梁廬的困惑很正常,因為現場複盤之類的工作,並不是升占校官職責範圍內的事。
升占是二蜂巢的主管,同時也是中繼站後勤部門的實際負責人,但他的職權範圍主要還是在基建和設備的維護,以及機芯等高精尖裝備的戰時生產、組裝和維修上。
像是孽毒處理這種專業性超級強的業務,即便是發生在他的轄區之內,也會有專業部門過來處理。
他不應該越權指揮相關的工作。
不過,梁廬在最初的驚訝之後,就再沒法顧及更深層的道理了。接受到升占校官要親來複盤的指令,他更多的不淡定,還是來自於專業上的壓力。
“快快快,工作記錄再整理一遍,尤其要簡練,重點突出,脈絡清楚,千萬不能浪費他的時間。”
羅南有點兒懵。
梁廬就很認真地解釋:升占校官是中繼站有名的大忙人,浪費他時間的後果……見到他腦袋大小的拳頭嗎?
好吧,羅南也聽說過,升占校官的專業水準和他的暴躁脾氣是同等級的。
正是在鐵拳的威懾下,梁廬雖然下了指令,可最終做這項精簡工作的還是他本人,以上這些話,倒更像是他給自己加油鼓勁。
羅南由此閒了一路,但其實也就是百來秒的時間。高速行駛的專用維修車就已經回到了他們之前駐留的地點。
和離開前相比,這裡多了一些人。
之前負責鑒彆他們的專業人員,此時倒成為了接待員,正給那些新來的人們指明真正的事發地坐標。
不過裡麵並沒有升占校官。
專用維修車的到來,引得人們都往這邊看。羅南眼尖,就看到那群人裡,有一位大約是與梁廬相熟,衝著這邊笑了笑。
車子停下,梁廬一直低頭與工作記錄較勁,直到羅南戳他才驚醒過來,也是一抬眼就看到了人群中的舊識,有些吃驚,第一時間跳下車子,與那位打招呼:
“學長,你怎麼來了?”
羅南依然踐行了一位優秀新兵的軍姿態度,幾乎梁廬同步下車,在一旁站得筆直。
那位仍然在笑,雖說看不到虛擬界麵上的工作區,卻非常精準地評價梁廬之前的工作:“來得挺快,不過我還記得,升校官最討厭沒有意義的儘善儘美的形式主義。”

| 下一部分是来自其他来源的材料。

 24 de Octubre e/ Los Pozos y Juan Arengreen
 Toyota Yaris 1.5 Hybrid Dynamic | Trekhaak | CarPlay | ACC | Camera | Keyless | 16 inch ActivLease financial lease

梁廬翻了個白眼,拉長聲調:“所以我現在下車,和學長進行意義的聊天!”
顯然,他們之間的關係相當不錯。
梁廬也沒有忘記他這輩子帶的第一個兵,轉頭就提點羅南:“來,見過咱們基地的突擊尖刀,帝國戰鬥英雄,我的學長,盧安德尉官。”
對麵的盧安德適時補充了一句:“集體。”
羅南聽懂了他的意思,是指那個“帝國戰鬥英雄”是集體榮譽,和個人功勳還有差彆。
榮譽降了一檔,但對方謙虛的為人自然讓人生出好感,羅南挺胸立正:
“尉官好。”
梁廬還專門給盧安德尉官介紹一下,模仿著資深老兵的語調:“羅南,我的兵,百年序列的種子精英,切分結構定準能夠控製在千分之二息的棒小夥兒!”
有個他認為更恰當的評價,被強行咽了回去:一個獻祭常識的偏科怪!
盧安德又笑起來:“說得好像你早就能做到似的。”
梁廬一下子給揭了底,白皙麵孔就有些發紅,但他路上早就完成了心理建設,也不算生氣。
羅南倒是略有些尷尬,可很快盧安德就向他回禮:“你好,列兵。”
盧安德是一位相對於羅南認知而言正常體態的中年男子,好吧,其實羅南還不太清楚天淵帝國公民的平均壽命以及年齡分段,他隻是感覺這位盧尉官頗有些滄桑感。
其實,第一眼的印象,要更生硬直接,因為能夠看到,盧安德脖頸位置,有一道明顯的粗大疤痕從軍服衣領的遮掩下延伸出來,從左側頸一直延伸到同側的耳根之下,再向腦後區域輻射。
疤痕整體呈灰白色,好像是陳年舊創。羅南能夠察覺到疤痕之下相當密集的金屬分布,這個人的胸腔和顱骨結構,至少有三分之一以上是後天植入的人工造物,無論目視還是感知,都有些猙獰。
可是,這位盧尉官又很愛笑,不管說不說話,嘴角總是向上翹著,眼角還有些細細的紋路,與他的笑容高度契合。正是這樣的神情習慣,抵消了外表的視覺衝擊,讓人很自然地覺得,他是一個和氣友善的人。隻不過原本協調契合的身心結構,被外來的傷害破壞了一部分。